Suppose you opt for an independent broker that uses a flexible e-loan platform like LoanPro. In that case, you’ll often enjoy more flexible repayment terms, while traditional lenders, such as banks, will set longer repayment terms.
Types of business loans
There are many financing options available to businesses with various estimated repayment periods. The best choice for your business depends on your qualifications, rates, terms, and needs. Here are the standard options.
Term loans
Term loans are a common type of business loan available in short, medium, or long options. Depending on the agreed-upon terms, a company receives a lump sum upfront, paid within a specified period with interest.
Generally speaking, online lenders offer faster funding than banks with limits reaching up to one million dollars. For short-term loans, the repayment period ranges between 3 and 18 months. With medium-term loans, you can expect one-to-five-year repayment periods, while the long-term can go up to seven years.
Long-term loans are typically available through credit unions and banks, while alternative lenders give short-term loans. Short-term loans are ideal for borrowers with a strong business and good credit who wish to access funding within the shortest time possible.
SBA loans
Borrowers can access Small Business Administration (SBA) loans from banks and alternative lenders participating in the program. These loans offer the most extended repayment terms, depending on the specific program and how you plan to use it. The repayment period for SBA 7 (a) is 5 to 25 years, SBA CDC/504 is between 10 and 25 years, while an SBA Microloan Program loan must be paid before six years elapse.
SBA loans offer some of the market's lowest rates. As an additional incentive, borrowers can request up to five million dollars. This type of loan is suitable for businesses looking to refinance or expand existing debts or those that don’t require urgent funding.
Equipment loans
As the name suggests, this loan helps businesses gather funds for purchasing equipment. The term of such a loan matches the equipment's expected life span, with the equipment serving as the collateral. The rates depend on the business' strength and the equipment's value.

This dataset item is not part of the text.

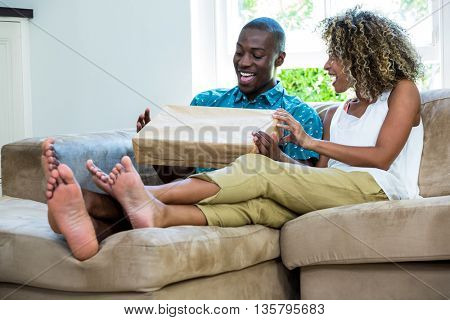 Excited couple sitting on sofa and opening a parcel at home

If you have robust business finances and credit, you can access competitive rates. These competitive rates allow you to own equipment immediately and create equity.
Merchant cash advances
With a merchant cash advance payback, it has no business loan term. You can repay these loans using a daily portion of your company's card revenue. Due to the fluctuations in the daily payment, it can be difficult to determine the repayment period’s parameters. However, merchant cash advances feature the industry's shortest repayment periods, ranging between 4 and 18 months.
Invoice financing
Invoice financing is a short-term solution that allows businesses to receive funding with the outstanding invoices serving as security. The term loan is contingent on the amount of time it takes for the invoiced customer to pay the invoice. However, on average, this type of business loan usually has a 3 to 6 month repayment period. For those considering this short-term solution, invoice financing is especially beneficial to businesses looking to get fast cash from unpaid invoices.
Microloan
These microloans that don’t exceed $50,000 include short repayment times that help businesses meet costs associated with starting or growing their operations like increasing working capital, purchasing equipment, or collecting supplies. These loans are usually available to new companies, startups, or companies located in disadvantaged communities.
Mission-based lenders and non-profit organizations distribute microloans. Besides funding, you can also capitalize on the training and consulting services available.
Wrap-up
It’s common for businesses to seek financing to boost their ventures. However, not every type of loan you come across is ideal for your business model. Taking time to understand business loans and assess your needs thoroughly will help ensure you make wise decisions and maximize your loan’s benefits.